Congress adopted the Children’s Internet Protection Act of 2000 to require schools and libraries receiving certain federal funding to block children’s access to obscene material, child pornography, and material deemed harmful to minors.

 

Act required schools and libraries receiving funding to block children’s access to inapropriate content

 

The legislation impacted institutions that received funding under the government’s “E-rate” program which was designed to expand technological access.

 

One provision of the law required that these institutions provide access to such materials for adults who needed it for bona fide research purposes.

 

Court upholds library, school restrictions on Internet access

 

Whereas the Supreme Court’s decisions in Reno v.
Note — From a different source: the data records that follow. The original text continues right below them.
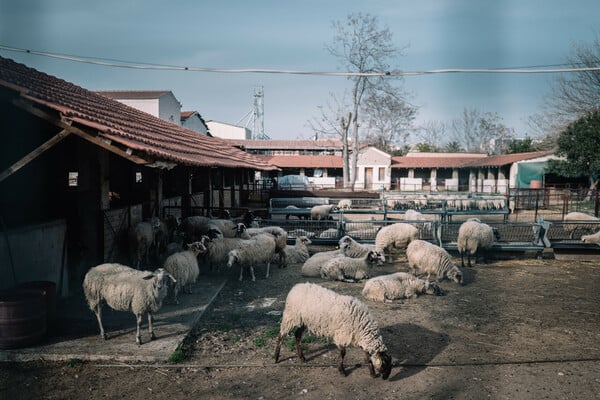 Μέσα στο αιωνόβιο Γεωπονικό Πανεπιστήμιο Αθηνών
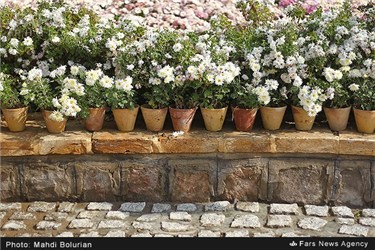 سومین جشنواره گل‌های داوودی شرق کشور در مشهد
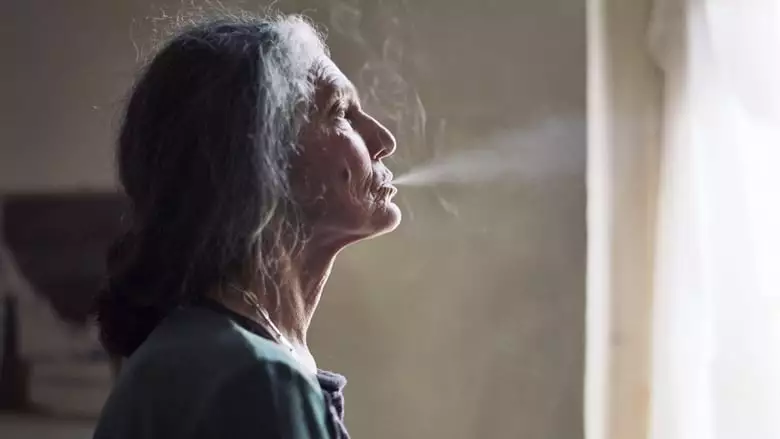 The Disappearance Of My Mother (2019)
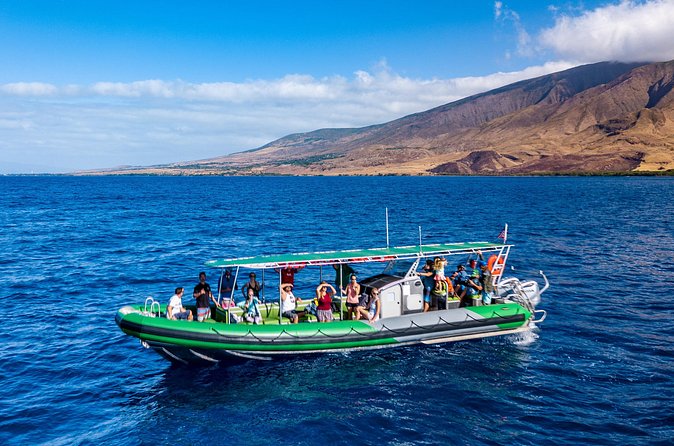 Afternoon Adventure Snorkel from Ka'anapali - Who Should Choose This Tour (and Who Should Skip It)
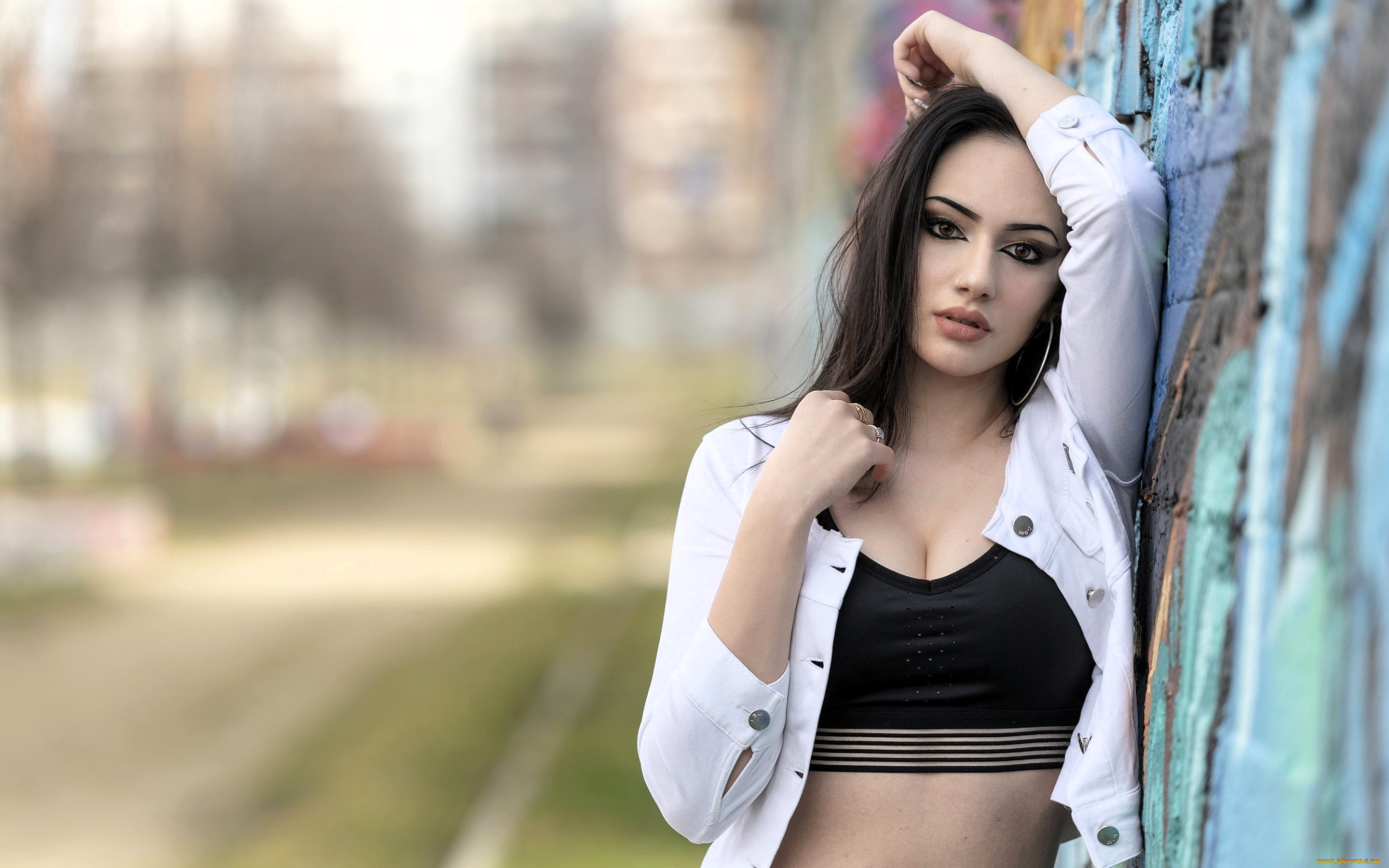 , - ,  , , , , 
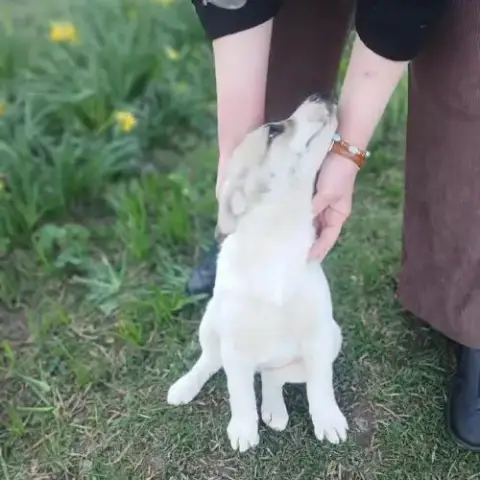 Franky Bébé Chiot À Adopter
American Civil Liberties Union (1997) and Ashcroft v. American Civil Liberties Union (2004) had struck down the Communications Decency Act of 1996 and the Child Online Protection Act of 1998 as overly broad, it upheld the Children’s Internet Protection Act by a 6-3 vote in United States v. American Library Association (2003).

 

Led by Chief Justice William H. Rehnquist, four justices argued that Congress was free to add such conditions to its appropriations.

 

Justices Anthony M. Kennedy and Stephen G. Breyer joined this plurality by focusing chiefly on the fact that the law provided adults access to materials prohibited to children.

 

John Vile is professor of political science and dean of the Honors College at Middle Tennessee State University. He is co-editor of the Encyclopedia of the First Amendment. This article was originally published in 2009.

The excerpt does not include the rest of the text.